__BRIEF__: From the entries below, copy each line in which the word "sale" occurs.

__INPUT DATA__:

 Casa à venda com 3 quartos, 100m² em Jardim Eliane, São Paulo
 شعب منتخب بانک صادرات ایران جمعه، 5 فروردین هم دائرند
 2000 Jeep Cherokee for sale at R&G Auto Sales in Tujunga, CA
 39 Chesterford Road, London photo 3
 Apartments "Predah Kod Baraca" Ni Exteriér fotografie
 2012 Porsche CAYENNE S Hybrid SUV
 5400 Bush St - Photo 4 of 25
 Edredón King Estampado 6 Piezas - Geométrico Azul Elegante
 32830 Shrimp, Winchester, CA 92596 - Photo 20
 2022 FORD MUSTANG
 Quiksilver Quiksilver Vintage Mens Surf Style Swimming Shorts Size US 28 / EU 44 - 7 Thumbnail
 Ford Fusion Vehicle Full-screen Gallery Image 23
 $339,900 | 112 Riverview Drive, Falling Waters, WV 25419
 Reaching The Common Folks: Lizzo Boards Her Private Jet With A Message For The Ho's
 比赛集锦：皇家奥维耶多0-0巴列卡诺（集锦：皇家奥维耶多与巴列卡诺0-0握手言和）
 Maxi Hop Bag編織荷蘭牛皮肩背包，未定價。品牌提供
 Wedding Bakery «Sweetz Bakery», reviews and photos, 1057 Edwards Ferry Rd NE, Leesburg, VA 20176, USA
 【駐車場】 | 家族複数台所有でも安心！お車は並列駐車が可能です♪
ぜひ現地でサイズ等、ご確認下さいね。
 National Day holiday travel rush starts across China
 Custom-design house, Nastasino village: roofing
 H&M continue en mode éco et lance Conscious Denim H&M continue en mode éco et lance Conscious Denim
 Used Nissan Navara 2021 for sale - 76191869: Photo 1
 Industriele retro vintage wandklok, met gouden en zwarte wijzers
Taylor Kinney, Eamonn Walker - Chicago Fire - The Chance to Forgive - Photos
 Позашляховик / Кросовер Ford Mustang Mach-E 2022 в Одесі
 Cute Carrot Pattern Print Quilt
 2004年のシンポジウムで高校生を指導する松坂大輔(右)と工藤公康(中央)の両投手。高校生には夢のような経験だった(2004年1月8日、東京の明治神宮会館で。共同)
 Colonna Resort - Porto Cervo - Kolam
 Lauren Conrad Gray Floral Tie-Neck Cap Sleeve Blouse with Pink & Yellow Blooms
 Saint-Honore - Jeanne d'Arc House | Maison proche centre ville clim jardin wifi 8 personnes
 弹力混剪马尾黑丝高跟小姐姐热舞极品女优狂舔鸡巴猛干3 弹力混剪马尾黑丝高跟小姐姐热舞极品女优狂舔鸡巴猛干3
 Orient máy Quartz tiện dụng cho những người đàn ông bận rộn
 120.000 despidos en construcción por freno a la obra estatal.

__ANSWER FOR THIS EXERCISE__:
 2000 Jeep Cherokee for sale at R&G Auto Sales in Tujunga, CA
 Used Nissan Navara 2021 for sale - 76191869: Photo 1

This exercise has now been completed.